'''

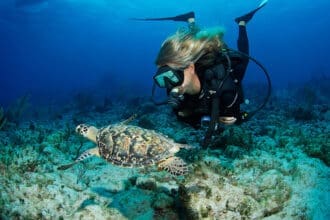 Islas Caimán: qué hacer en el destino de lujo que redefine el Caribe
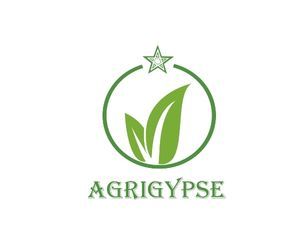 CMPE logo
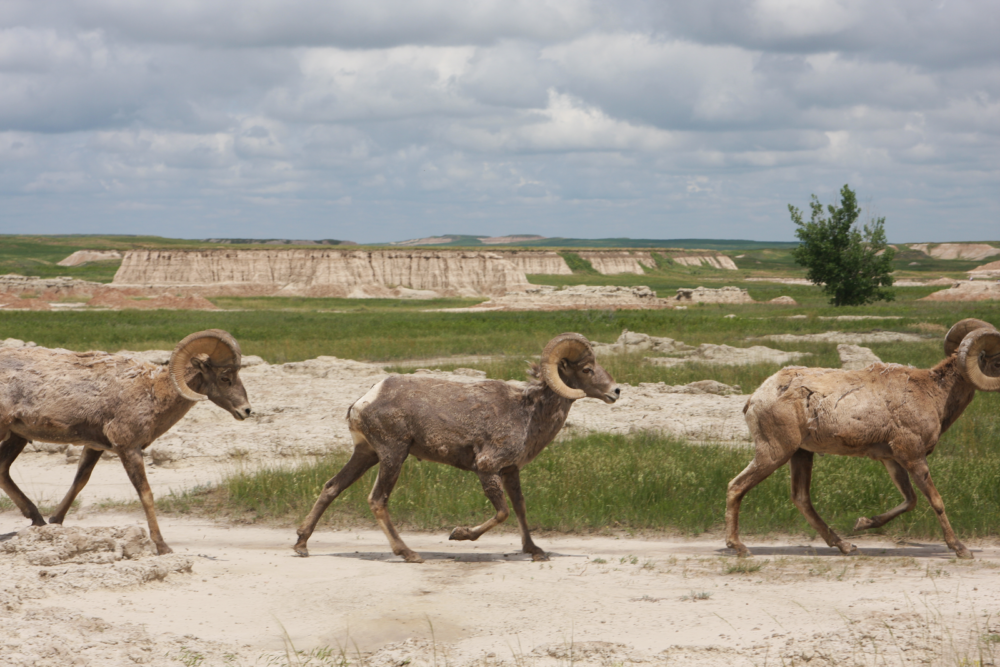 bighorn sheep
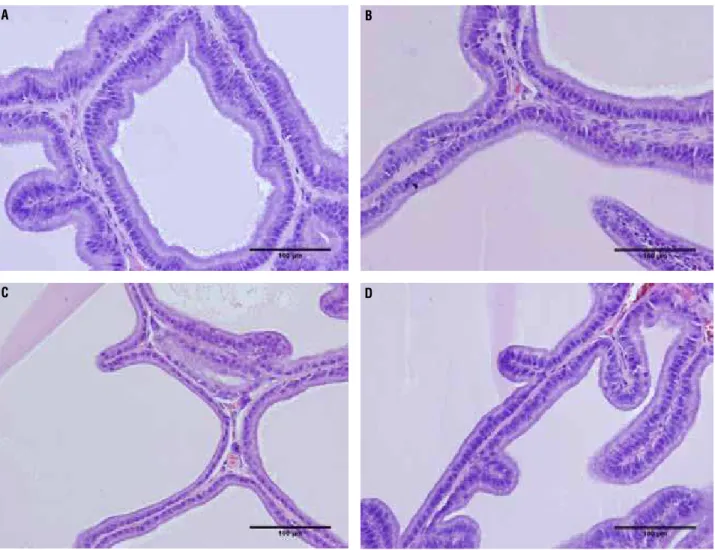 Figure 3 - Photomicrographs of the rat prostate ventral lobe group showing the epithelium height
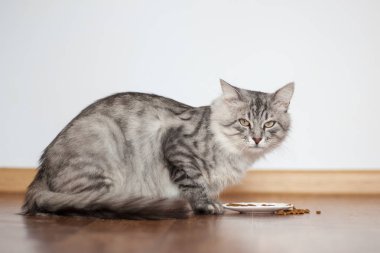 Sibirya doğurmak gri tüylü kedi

'''

WHAT THE TASK ASKS — Each record above is to be restated exactly, with its pictures removed from the copy.

FINISHED TASK —
 Islas Caimán: qué hacer en el destino de lujo que redefine el Caribe
 CMPE logo
 bighorn sheep
 Figure 3 - Photomicrographs of the rat prostate ventral lobe group showing the epithelium height
 Sibirya doğurmak gri tüylü kedi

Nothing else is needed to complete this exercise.